# CAPO - Cost-Aware Prompt Optimization

## Installation

To run experiments or contribute to this project, it is recommended to follow these steps:

### Set-up poetry and install dependencies

1.) Clone or fork this repository

2.) Install pipx:
```
pip install --user pipx
```

3.) Install Poetry:
```
pipx install poetry
```

*3a.) Optionally (if you want the env-folder to be created in your project)*:
```
poetry config virtualenvs.in-project true
```

4.) Install this project:
```
poetry install
```

*4a.) If the specified Python version (3.11 for this project) is not found:*

If the required Python version is not installed on your device, install Python from the official [python.org](https://www.python.org/downloads) website.

Then run
```
poetry env use <path-to-your-python-version>
```
and install the project:
```
poetry install
```

## Run Experiments

All experiments can be executed via the `scripts/experiment.py` script (`scripts/experiment_wizard.py` for PromptWizard).

Experiments can be parametrized directly per command line arguments.
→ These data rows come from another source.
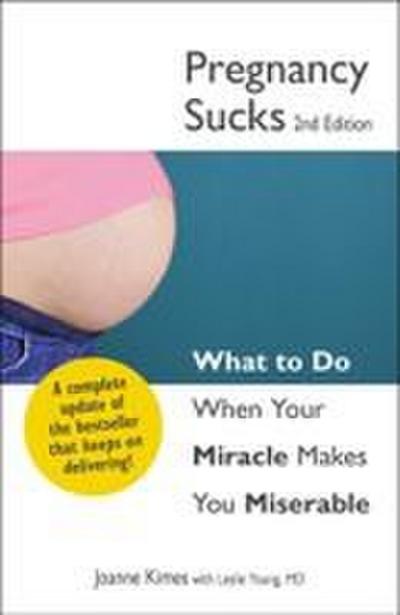 Pregnancy Sucks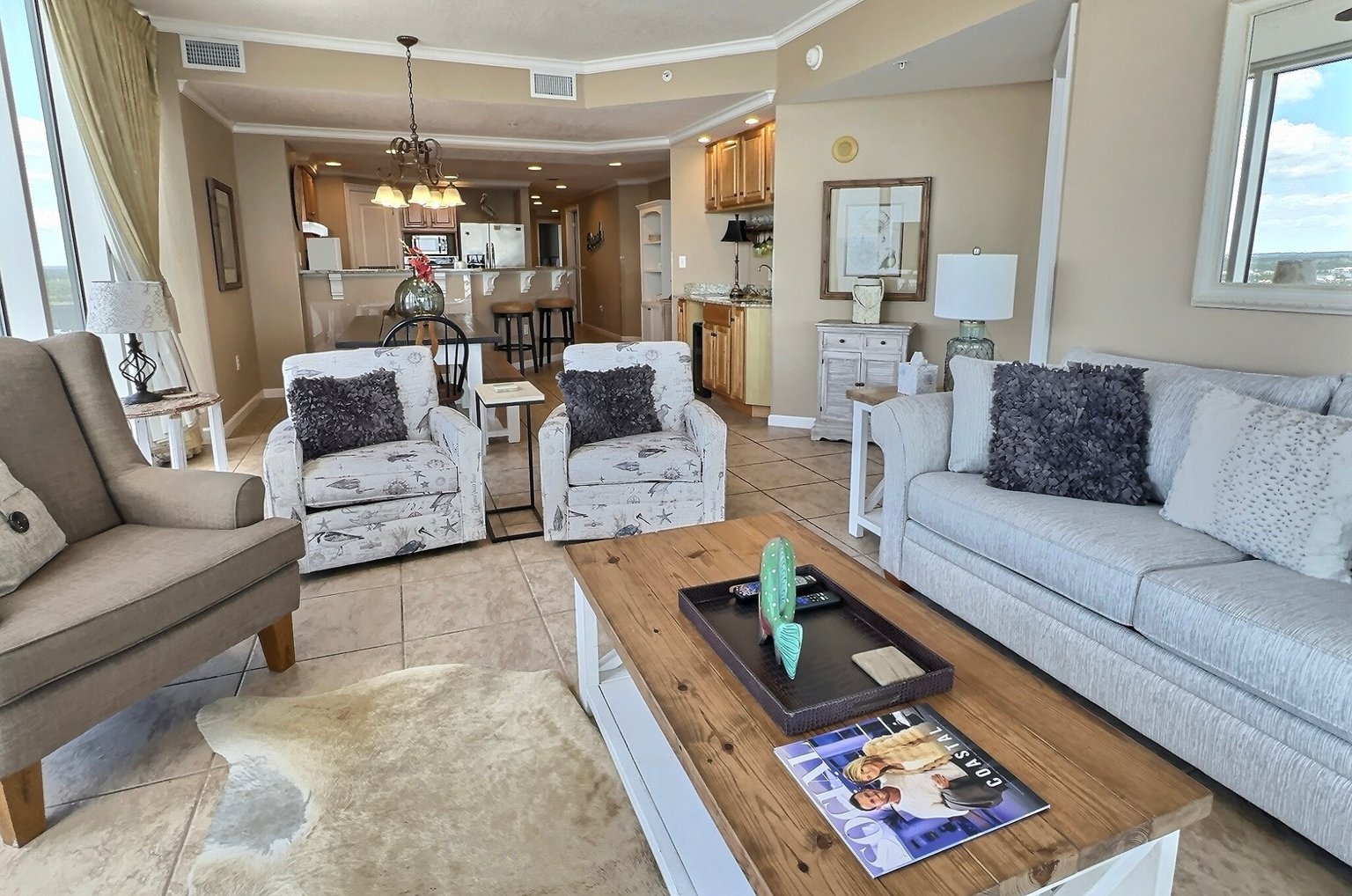 Gulf Shores Vacation Rental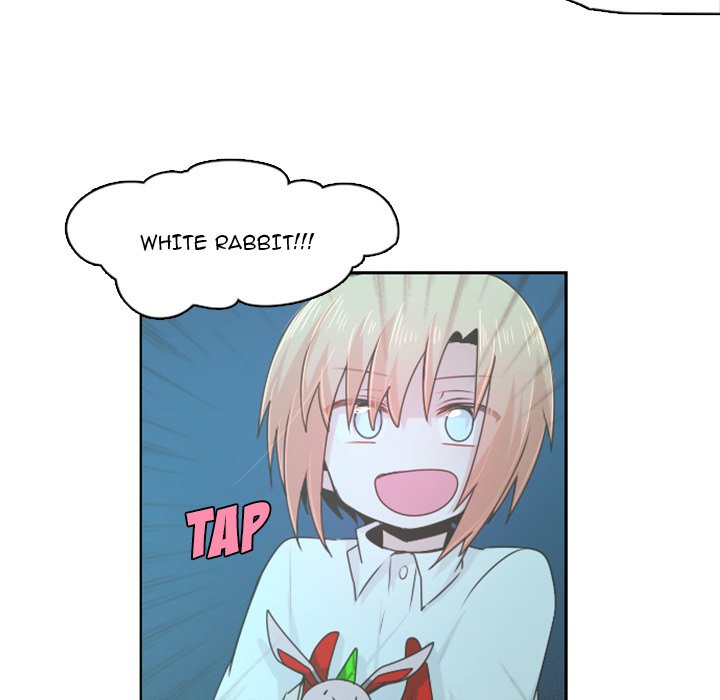Go Away Mr Demon chapter 63 page 8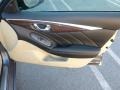Hagane Blue - Q 50 Hybrid Premium Photo No. 17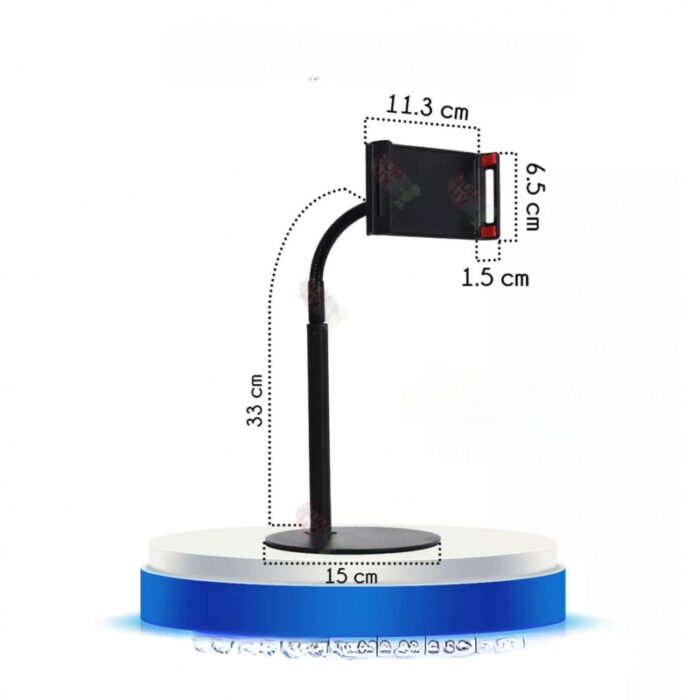 ⁦ستاند ipad للمكتب VOCAL STENTS⁩ - الصورة ⁦5⁩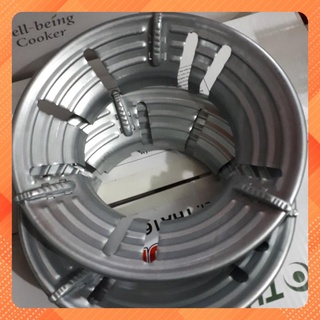 Kiềng chắn gió bếp gas[Hàng NEW]
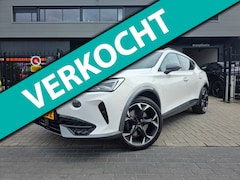CUPRA Formentor - 1.4 e-Hybrid VZ Performance | Met o.a. achteruitrijcamera, lane-assist, navigatie & stoel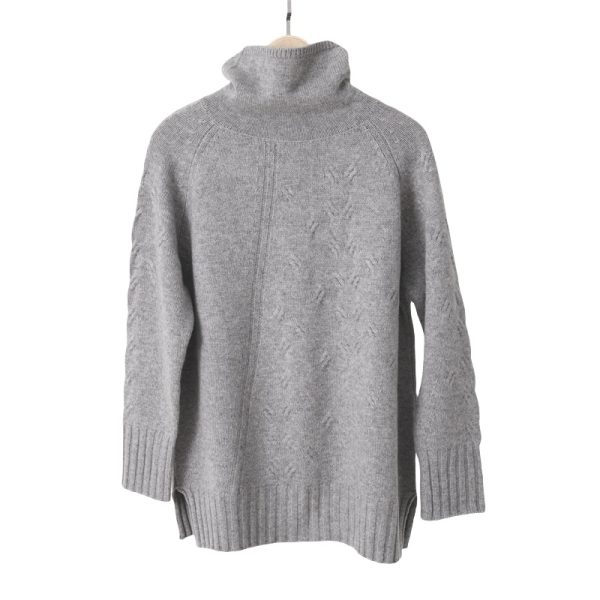 CGS19-53 Composition: 100% cashmere - 图片 3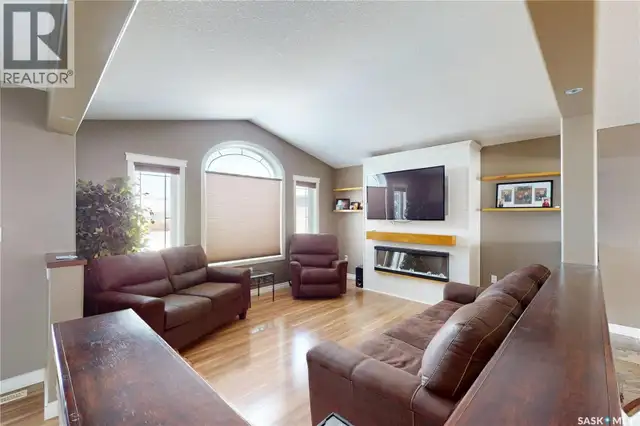 123 Heritage PLACE Moosomin, Saskatchewan in Houses for Sale in Regina - Image 17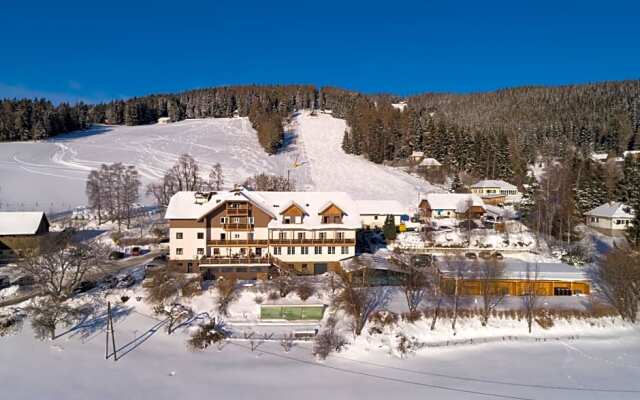 Hotel Schwengerer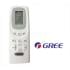 CONTROLE REMOTO AR CONDICIONADO Y512F2/Y512F SPLIT/GREE -9070 -1336 -7072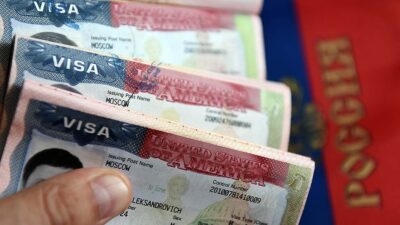 Паспорт ОАЭ оказался «сильнее» российского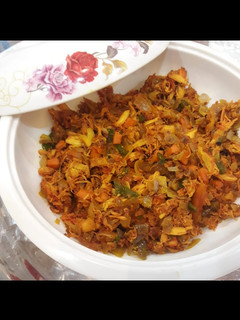 صورة لوصفة حشوة دجاج 😋 بنكهة مميزة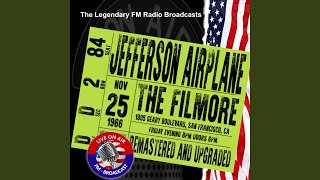 High Flying Bird (Live 1966 Broadcast Remastered)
Example experiment (CAPO with Qwen2.5-32B on Subj, 10 steps / 1M input token budget with default parametrization):
```
poetry run python scripts/experiment.py --experiment-name test --random-seed 42 \
    --budget-per-run 1000000 --output-dir results/ --dataset subj \
    --model vllm-Qwen/Qwen2.5-32B-Instruct-GPTQ-Int4\
    --model-revision c83e67dfb2664f5039fd4cd99e206799e27dd800 \
    --max-model-len 2048 --optimizer CAPO --n-steps 10 --population-size 10 \
    --max-n-blocks-eval 10 --block-size 30 --length-penalty 0.05 \
    --crossovers-per-iter 4 --upper-shots 5 --alpha 0.2
```
This command will automatically download the specified model from HuggingFace and use vLLM to host it. We recommend at least 80GB of GPU RAM to ensure smooth execution of the experiments. If you've already downloaded the model, you can specify its location by adding the ``--model-storage-path`` command line argument to your call.

## Repository Structure

Overview of relevant files and directories:

```python
├── capo/  # package with all functions and classes, including the CAPO algorithm, and configs and utilities for the experiments and analysis
│   ├── analysis/  # function for analysis in visualization
│   │   ├── style.py  # styling of plots
│   │   ├── utils.py  # utilities for plotting: preparation and aggregation of the raw results
│   │   └── visualizations.py  # plot functions for all visualizations in the paper
│   ├── configs/  # experiment configuration
│   │   ├── promptwizard_config/  # configuration file for PromptWizard
│   │   ├── base_config.py  # base dataclasses for configs
│   │   ├── config_to_command.py  # functions to split a large experiment config into separate configs and generate commands to execute the experiments
│   │   ├── dataset_config.py  # dataset configurations, defining huggingface ID, revision, columns, splits, etc.
│   │   ├── experiment_configs.py  # configs of all our experiments in the paper, including benchmark experiments, ablation studies, and hyperparam analysis
│   │   ├── initial_prompts.py  # initial instructions for each dataset
│   │   └── task_descriptions.py  # task descriptions for each dataset
│   ├── callbacks.py  # modified callbacks to track experiment results
│   ├── capo.py  # implementation of the CAPO algorithm
│   ├── evopromptga.py  # wrapper for EvoPromptGA
│   ├── load_datasets.py  # function to load a dataset based on a config
│   ├── opro.py  # wrapper for OPRO
│   ├── prompt.py  # prompt class
│   ├── statistical_tests.py  # implementation of statistical tests for racing
│   ├── task.py  # task class specifically for CAPO
│   ├── templates.py  # prompt templates
│   └── utils.py  # utility files for seeding, hashing, copying, etc.
├── notebooks/  # notebooks to display and analyze all plots and tables
├── results/  # raw results obtained from the experiments and evaluations
└── scripts/  # scripts to execute experiments and evaluation
    ├── evaluate_initial_prompts.py  # script to evaluate initial prompts (on unseen test data)
    ├── evaluate_prompts.py  # script to evaluate prompts resulting from the experiments (on unseen test data)
    ├── experiment_wizard.py  # script to run the experiments with PromptWizard
    ├── experiment.py  # script to run all experiments (benchmark, ablation, hyperparam) for CAPO, OPRO, and EvoPrompt
    ├── plot_creation.py  # script to create the graphics provided in the paper
    └── job_creation.py  # script to automatically generate commands to execute jobs (note: based on our infrastructure)

```

## Dependencies

Exact dependencies are documented in the poetry.lock. Executing ``poetry install`` will produce an environment with exactly the dependencies used for our experiments.